You will be surprised how much stuff you can squeeze into the chassis once you start thinking outside of the box.
I am using 4 omni wheels, no traction. I saw for 229v’s robot for worlds, they had all omnis and just a vertical odom pod.
Yes, but they were likely using things like limiting acceleration and optimizing their curves so the robot didn’t drift much. I wouldn’t have been surprised if they also had distance sensors on there, but I’m not sure about that.
You can use one wheel, the result just won’t be nearly as good, and for me was way worse than two.
Yeah as I was saying it is definitely possible, just much harder with all Omni. You would neither have to accept horizontal drift which causes inconsistency between runs, move in Mays that reduce drift like not turning quickly or smth, or some more advanced things like filters or things like that.
I haven’t personally done too much with this but you could experiment with Odom resets. The way I did this (very basic but worked fine) is by having a couple distance sensors on sides of the robot.

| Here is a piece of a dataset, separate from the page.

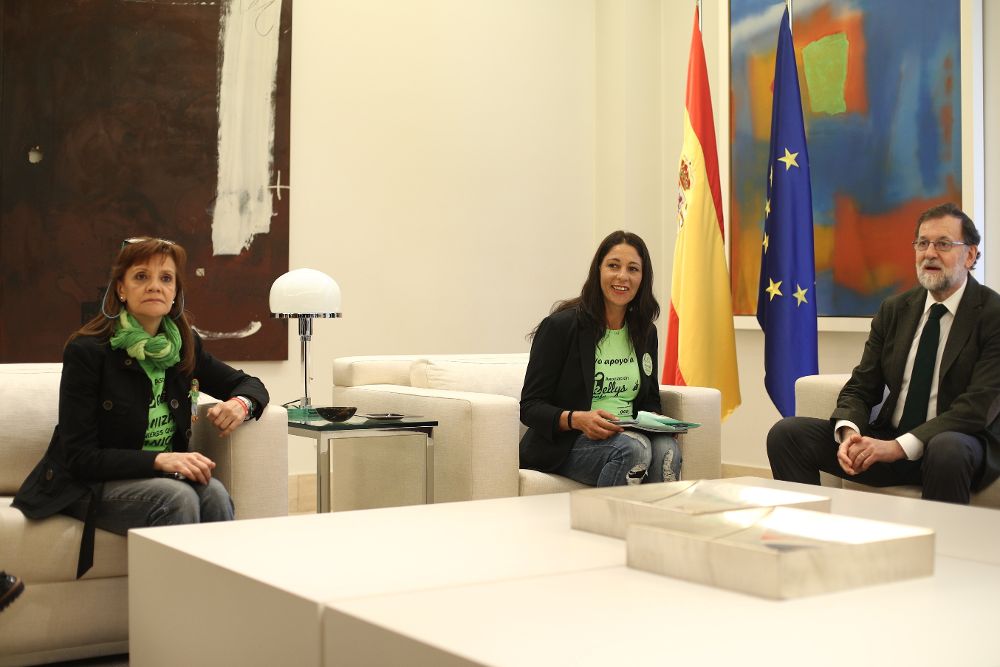 Mariano Rajoy recibe en la Moncloa a una representación del colectivo de las camareras de piso.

You could do like front and right, or all sides if needed it really depends.
Then after maybe a quarter of your code (for skills, qual doesn’t need a reset) or whenever easiest you would (using the inertial sensor) turn perfectly sideways and measure the distance the the front/back wall. Then turn forwards and measure to the left/right wall.
After that you just subtract that distance (in mm so convert to inches) from the max field size and set those values to your Odom position.
This essentially just resets the Odom position after a certain amount of time to minimize drift. Lmk if you want a more detailed explanation and I can share some of the code
Theoretically, this is even possible with only drivetrain encoders but it would need reset much more often. I’m not sure how much time your willing to put into this but you could experiment with dynamic or automatic updating. By this I mean it automatically resets no matter what angle your facing, but this uses a lot of trig and more advanced coding but would be a fun project.
That would be viable, but I just started coding with pros. For when I rebuild(Prob in October) ill probably implement a barking system and traction wheels.